There's an aura of mystery to Ena Swansea. Her big, impressive paintings are now on show at Ben Brown Fine Arts ('green light' to 30 July), and I wanted to know more. Just how are they made, and why do they show what they do? So I arranged a Zoom with the artist in her New York studio…

 

How does your use of graphite in paintings operate?

I discovered that graphite had this curious quality that it both sucks the light out of the image and also reflects and so brings light back into the image as you move around it. I've made many paintings on graphite grounds, but they only really thrive in perfect lighting - they can die otherwise. So I evolved into using what you might call graphite and its cousins… there's oil, acrylic, mica, pulverised marble, ink, graphite and pastel in these paintings, including luminous and metallic pigments.

 

What effect does that intend?

I hope my paintings feel as if they could be turned on and off. As if you have just a nanosecond ago pulled the plug on an old TV. The images look unstable as if part is missing or out of focus. That echoes how, when I was a kid, US TVs only had 525 lines. Now, of course, we live by these glowing screens: it's as if we have a doppelgänger who has another life, who lives in the screen and thinks everything is real in there…

 

You have a background in film, but I think it's your photographs which provide your starting points?

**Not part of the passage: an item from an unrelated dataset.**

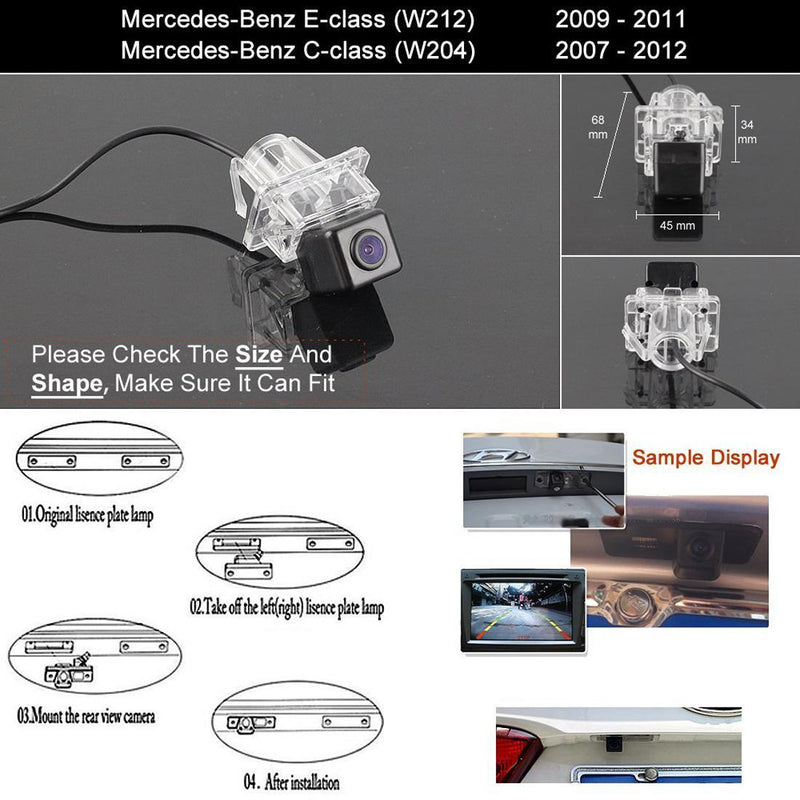 Car Backup Rear View Camera Reverse Parking for Mercedes-Benz C/E Class W204/212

Yes, looking back over the last few hundred paintings (see enaswansea.com), they feel like frames from a film that cannot be made. I'm revisiting things that I haven't quite figured out. But I don't shoot much-moving stuff - rather, I have a library of 165,000 photos organised by ideas, sometimes literary, sometimes particular subjects like 'pollarded trees'. They look weird to an American; we don't control our trees like Europeans. To me, they become anthropomorphic.